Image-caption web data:
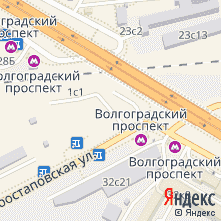 метро Волгоградский проспект
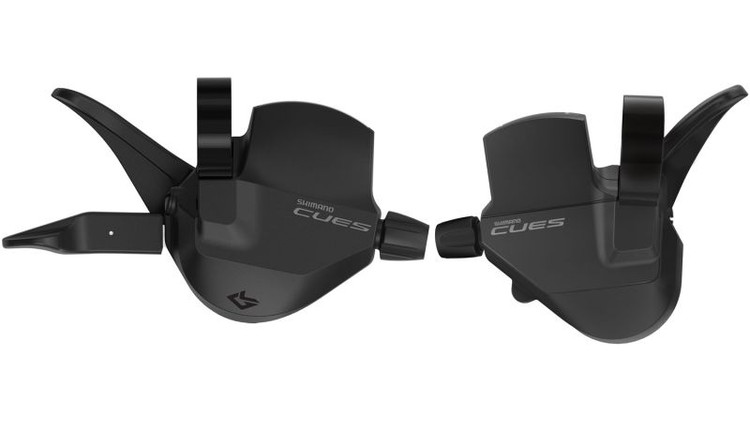 شیفتر شیمانو shimano cues u4000 2*9 speed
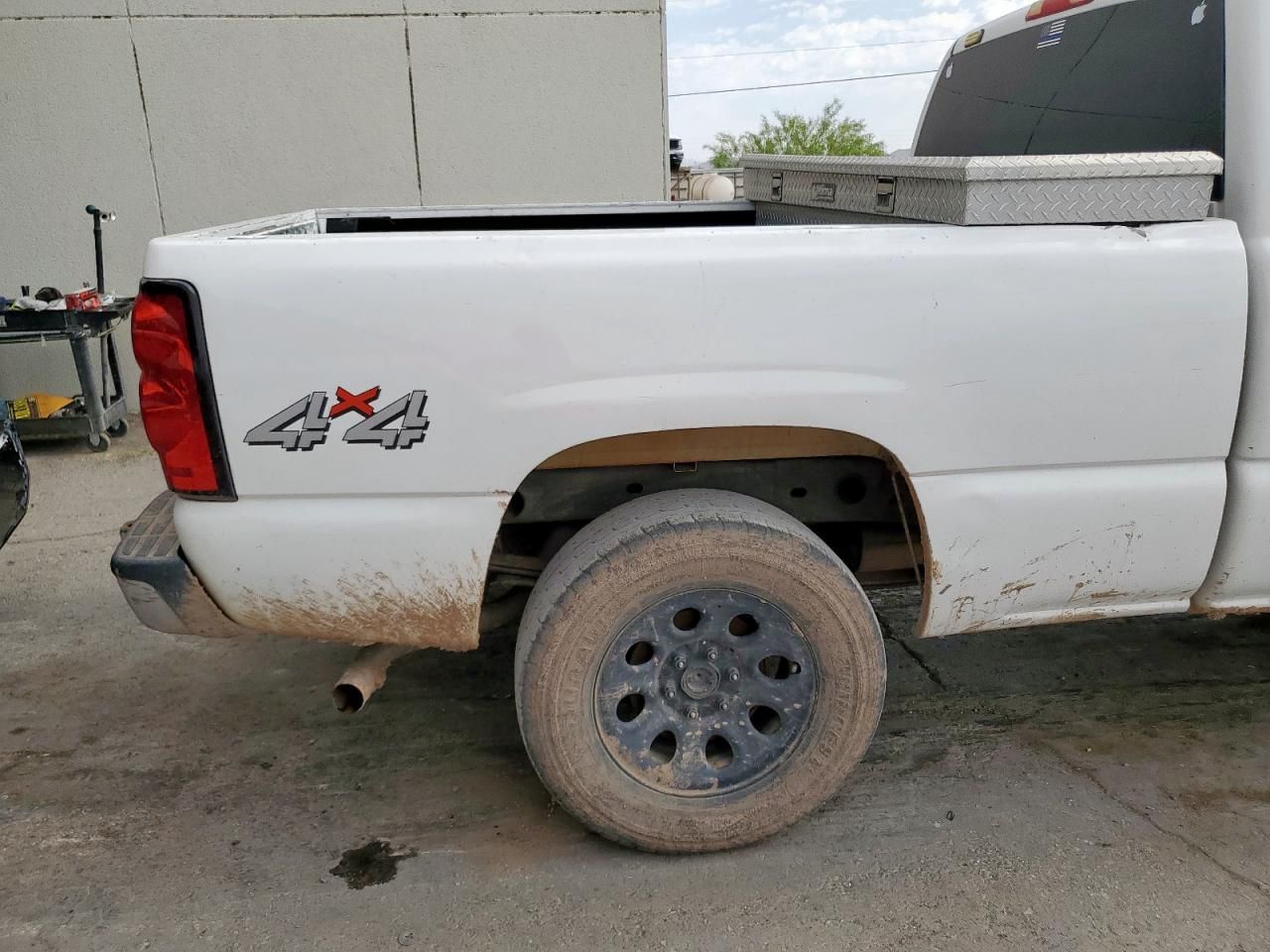 2007 Chevrolet Silverado K1500 Classic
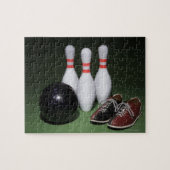 Bowling Puzzle (Horizontal)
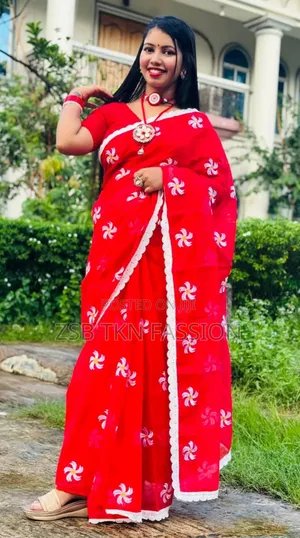 Dhupiyan Silk Saree FJFG Hb HCBN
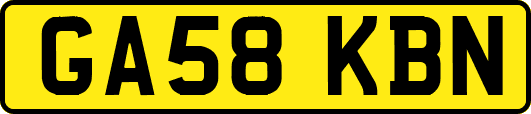 GA58KBN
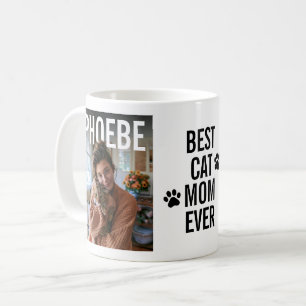 Mug Meilleure Maman de Chat PhotoPop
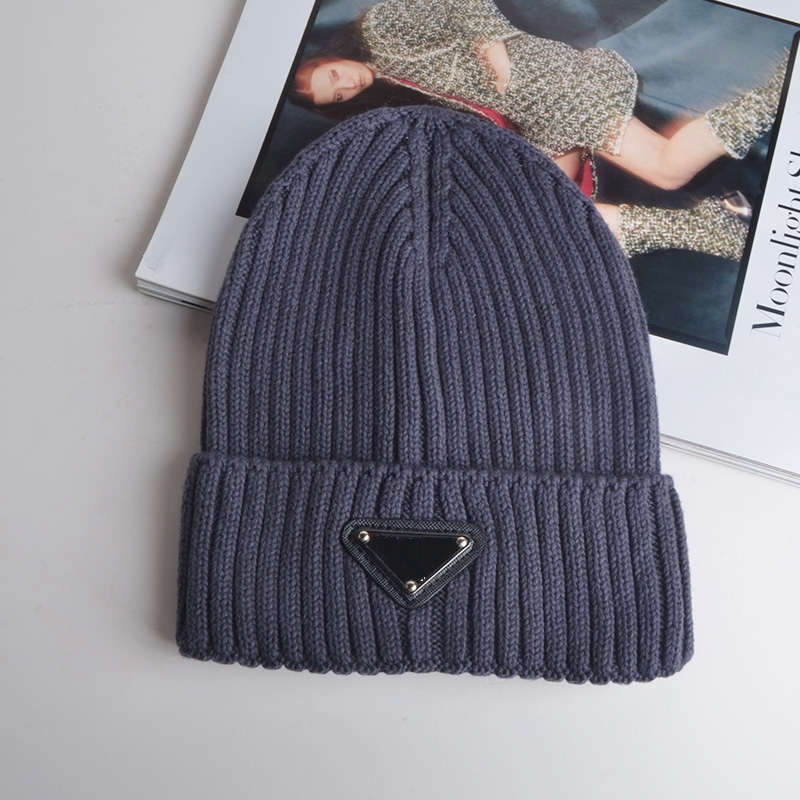 

2022 high quality Luxury Winter beanies Hats for Men women designers Knitted Beanie Wool Hat Man Knit Bonnet Beanies Gorros touca Thicken skull caps, #3 orange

◆ TASK INSTRUCTIONS: Exact copy, no pictures: return the entries word for word.

◆ EXERCISE RESULT:
 метро Волгоградский проспект
 شیفتر شیمانو shimano cues u4000 2*9 speed
 2007 Chevrolet Silverado K1500 Classic
 Bowling Puzzle (Horizontal)
 Dhupiyan Silk Saree FJFG Hb HCBN
 GA58KBN
 Mug Meilleure Maman de Chat PhotoPop

2022 high quality Luxury Winter beanies Hats for Men women designers Knitted Beanie Wool Hat Man Knit Bonnet Beanies Gorros touca Thicken skull caps, #3 orange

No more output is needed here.